Aus weiter vorliegenden Untersuchungsergebnissen ist ersichtlich, dass die im Interesse einer effektiveren Gestaltung der Arbeit, zur Freisetzung von Arbeitskräften und zur Erhöhung der Rangierleistungen besonders auf den Knotenpunkten des Rangierbetriebes eingesetzten technischen Mittel (automatische Gleisbremsanlagen, Sprechfunkgeräte) nur ungenügend genutzt werden.
Von Experten der Deutschen Reichsbahn wird dazu eingeschätzt, dass z. B. die Sprechfunkgeräte sehr störanfällig sind und es aufgrund der territorialen Bedingungen im Funkverkehr zu Störungen kommt, sodass eine Sprechverbindung kaum möglich ist.

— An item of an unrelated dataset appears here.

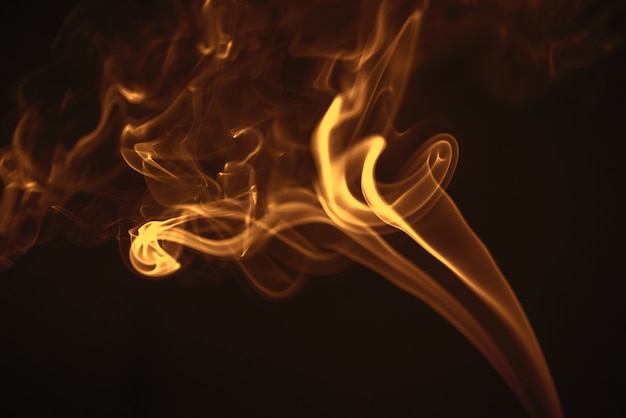 Abstract Fire Smoke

Die Wirksamkeit der Gleisbremsanlagen wird durch eine hohe Störanfälligkeit, wie z. B. unterschiedliche Bremsleistungen, Nachlassen der Bremsleistungen bei hoher Frequentierung sowie durch andere Störungen überwiegend infolge des Fehlens von Ersatzteilen oder Hebezeugen, beeinträchtigt (Versagen der Hydraulik – Dresden-Friedrichstadt; Ausfälle wegen nicht ausreichender Versorgung mit Messstreifen für die Steuerung der Gleisbremsen – Forschungs- und Entwicklungswerk Blankenburg; technologischer Verschleiß von Anlagen aufgrund von Überalterung – Karl-Marx-Stadt, Roßlau, Bitterfeld, Leipzig-Engelsdorf; Fehlen von Bremsleisten für elektrodynamische Gleisbremsen, die aufgrund des Materialeinsatzes einem hohen Verschleiß unterliegen).
Auf dem Bahnhof Karl-Marx-Stadt/Hilbersdorf 1979 eingebaute Kipphemmschuhanlagen werden von Rangierern kaum genutzt, da die zuverlässige Bedienung dieser Anlagen für den Bediener Gefahrenmomente mit sich bringt (von 100 Anlagen sind nur 60 einsatzfähig bzw. bedingt einsatzfähig oder mängelbehaftet).
Weitere Feststellungen ergaben, dass die Anzahl der im 1. Halbjahr 1981 eingetretenen Bahnbetriebsunfälle im gesamten Rangierdienst der Deutschen Reichsbahn gegenüber dem gleichen Zeitraum des Vorjahres von 1 984 auf 2 019 angestiegen ist.